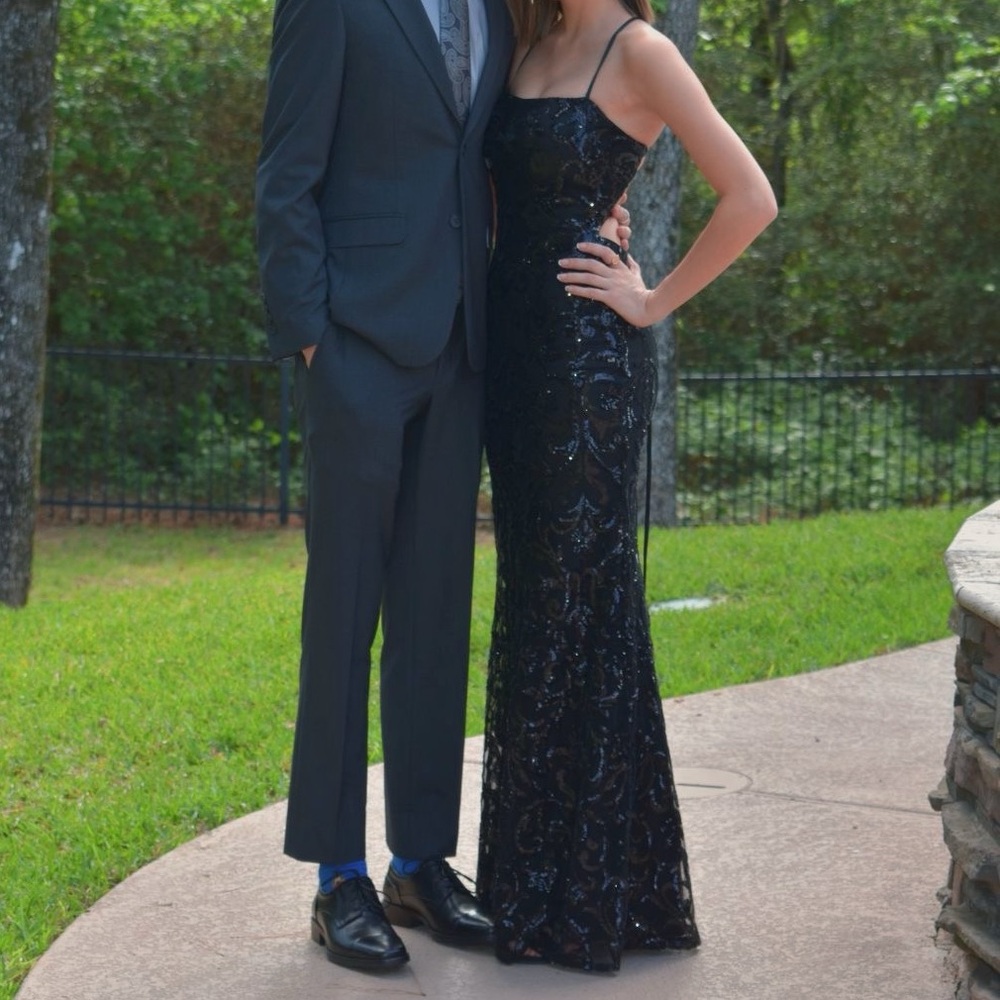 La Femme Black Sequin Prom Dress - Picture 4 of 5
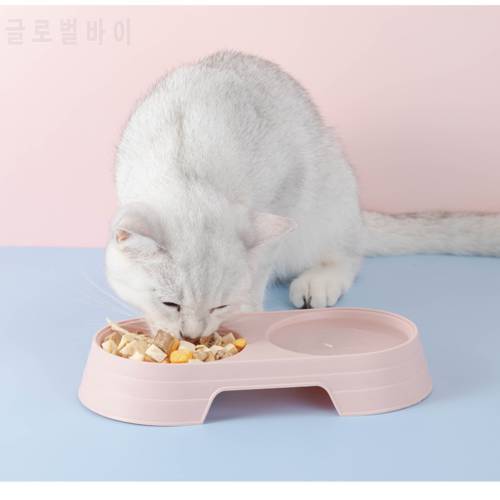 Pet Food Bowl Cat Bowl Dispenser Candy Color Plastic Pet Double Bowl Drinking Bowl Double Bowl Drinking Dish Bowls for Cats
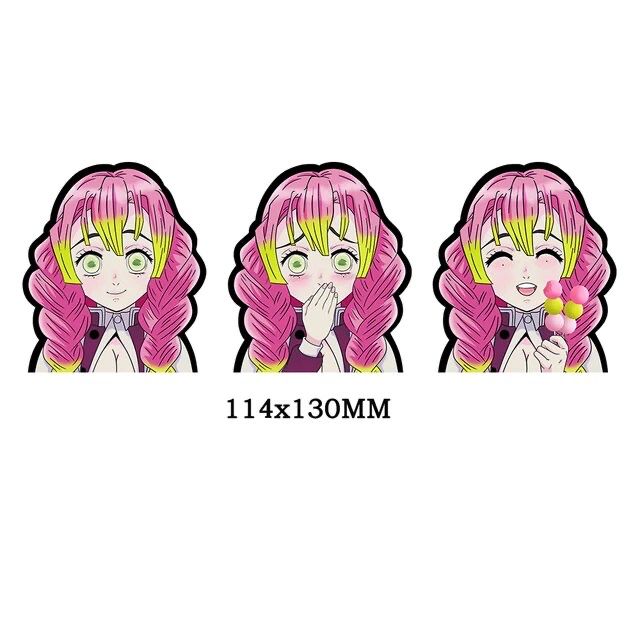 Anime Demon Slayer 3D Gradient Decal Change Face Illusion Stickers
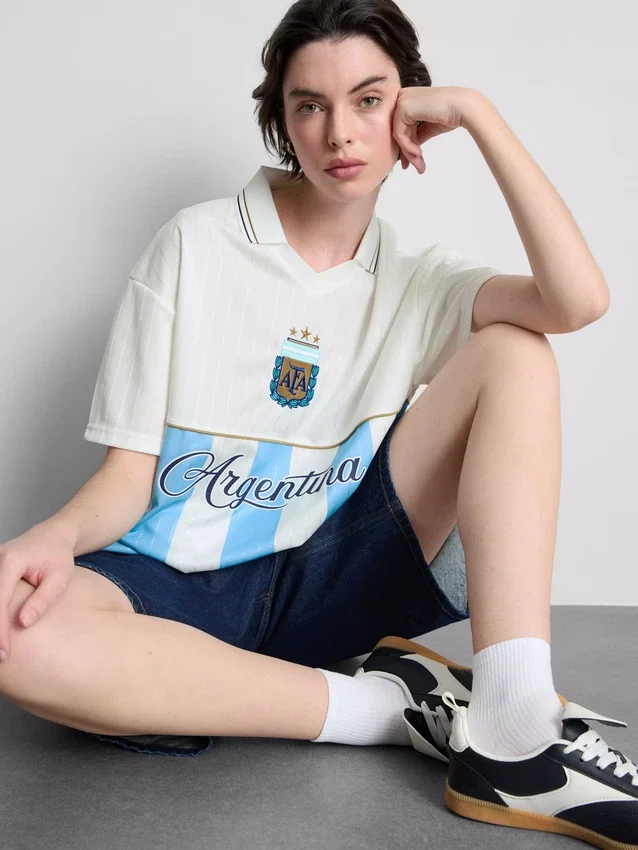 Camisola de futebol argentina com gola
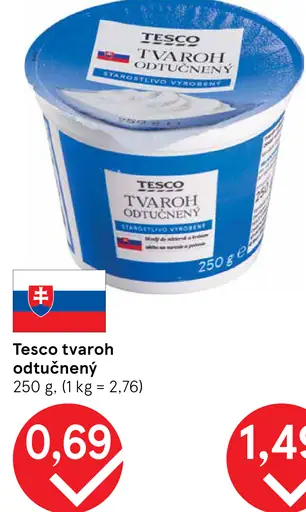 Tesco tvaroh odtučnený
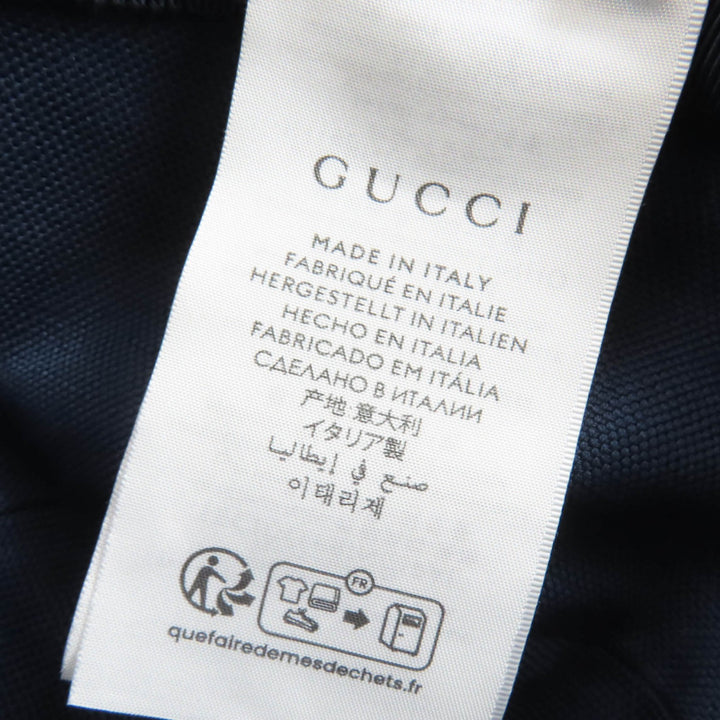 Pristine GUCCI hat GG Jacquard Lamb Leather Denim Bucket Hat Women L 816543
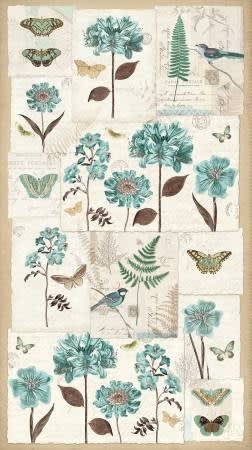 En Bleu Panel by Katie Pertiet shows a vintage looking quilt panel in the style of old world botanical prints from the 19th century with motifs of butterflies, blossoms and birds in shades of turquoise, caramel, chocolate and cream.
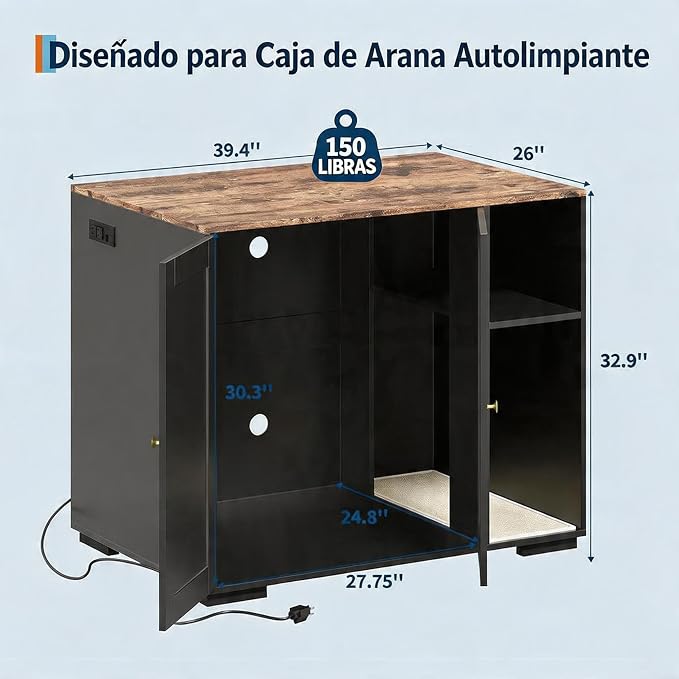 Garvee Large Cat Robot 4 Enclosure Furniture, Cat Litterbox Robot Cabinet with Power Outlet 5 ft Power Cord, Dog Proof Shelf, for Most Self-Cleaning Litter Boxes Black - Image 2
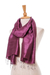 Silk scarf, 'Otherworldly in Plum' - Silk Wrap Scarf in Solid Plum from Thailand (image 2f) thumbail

____

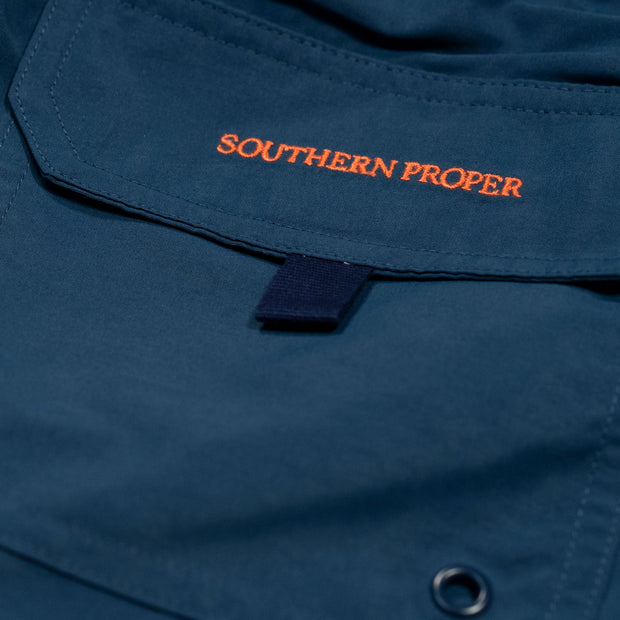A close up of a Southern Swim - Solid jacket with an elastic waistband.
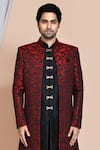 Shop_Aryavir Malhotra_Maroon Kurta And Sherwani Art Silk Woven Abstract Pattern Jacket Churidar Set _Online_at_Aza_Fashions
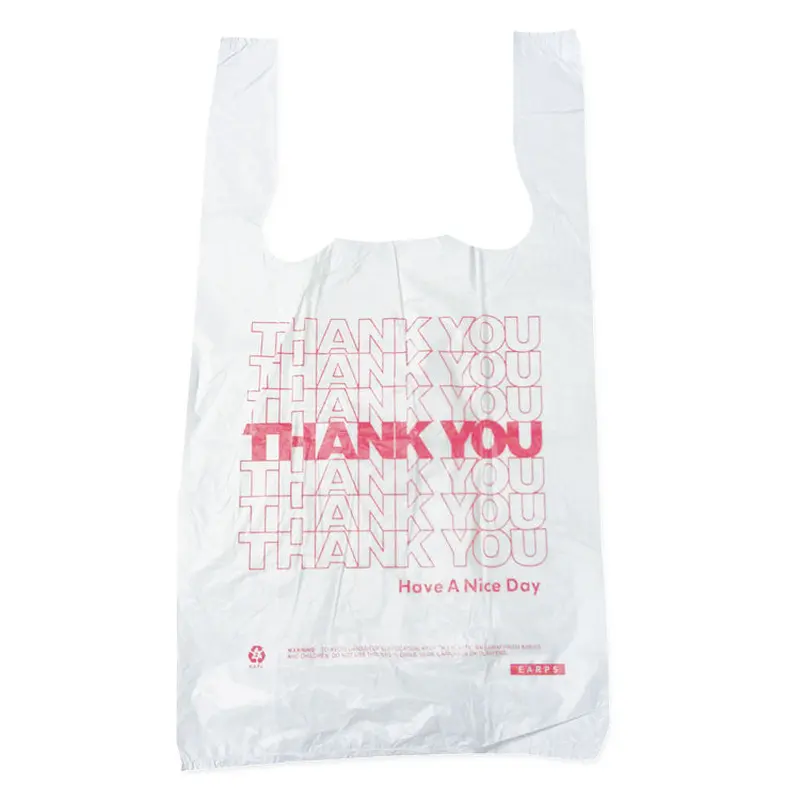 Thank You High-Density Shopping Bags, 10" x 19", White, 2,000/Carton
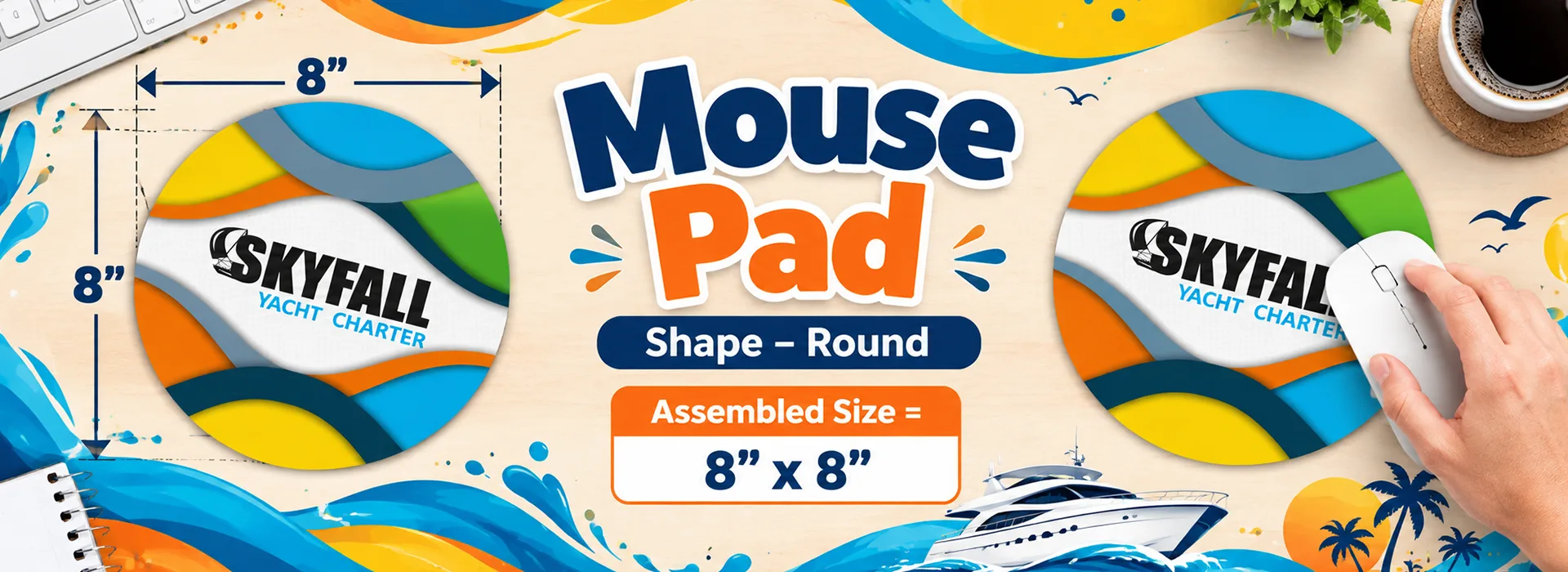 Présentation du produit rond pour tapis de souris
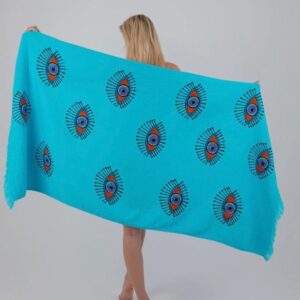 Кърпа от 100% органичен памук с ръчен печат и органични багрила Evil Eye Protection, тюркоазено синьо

____

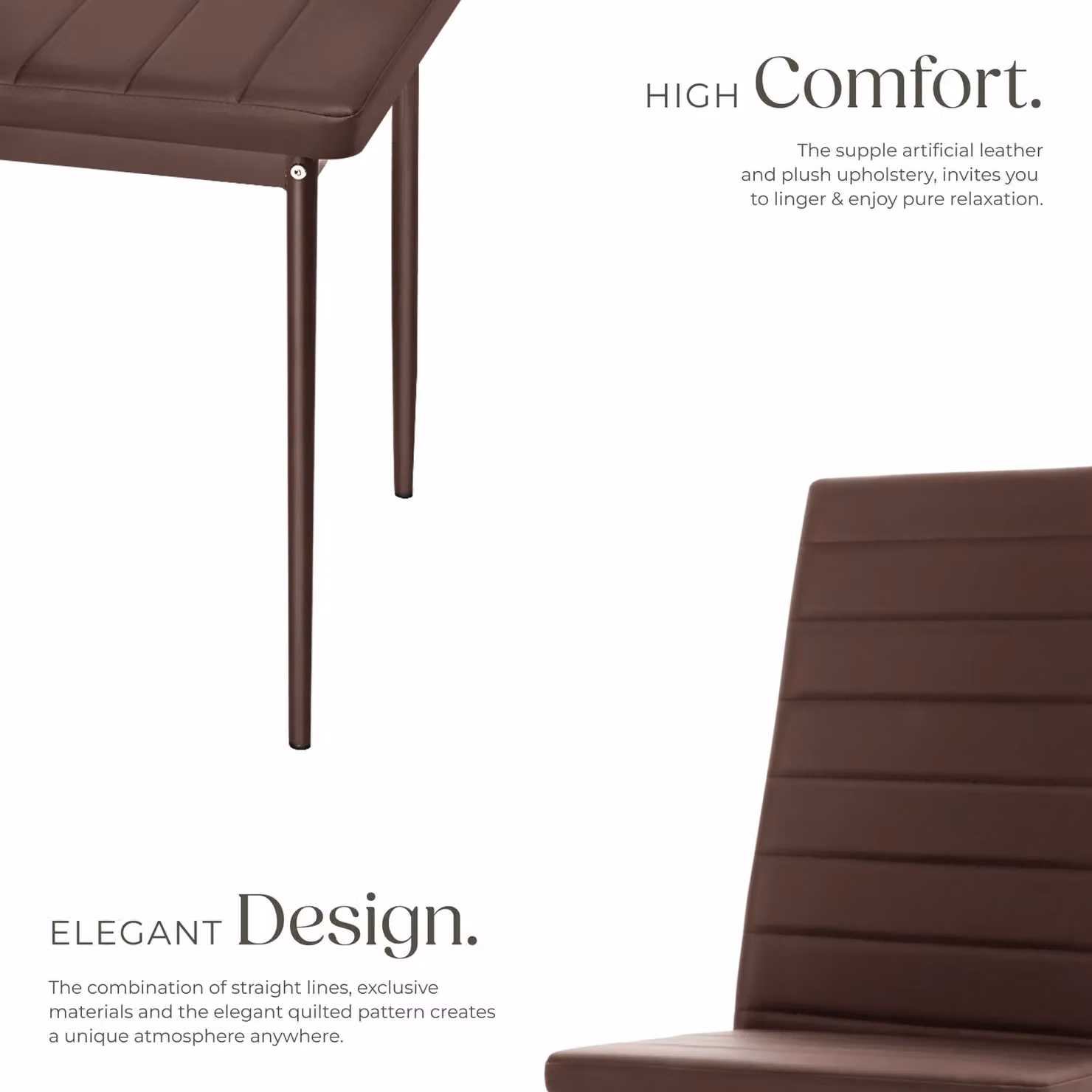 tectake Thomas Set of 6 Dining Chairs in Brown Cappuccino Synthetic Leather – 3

____

### DIRECTIONS FOR THIS TASK
Exactly the lines above, from the one containing "Pristine GUCCI hat" down to the one containing "Garvee Large Cat", are to be repeated, including both ends. Pictures are not part of the copy.

### WRITTEN ANSWER
 Pristine GUCCI hat GG Jacquard Lamb Leather Denim Bucket Hat Women L 816543
 En Bleu Panel by Katie Pertiet shows a vintage looking quilt panel in the style of old world botanical prints from the 19th century with motifs of butterflies, blossoms and birds in shades of turquoise, caramel, chocolate and cream.
 Garvee Large Cat Robot 4 Enclosure Furniture, Cat Litterbox Robot Cabinet with Power Outlet 5 ft Power Cord, Dog Proof Shelf, for Most Self-Cleaning Litter Boxes Black - Image 2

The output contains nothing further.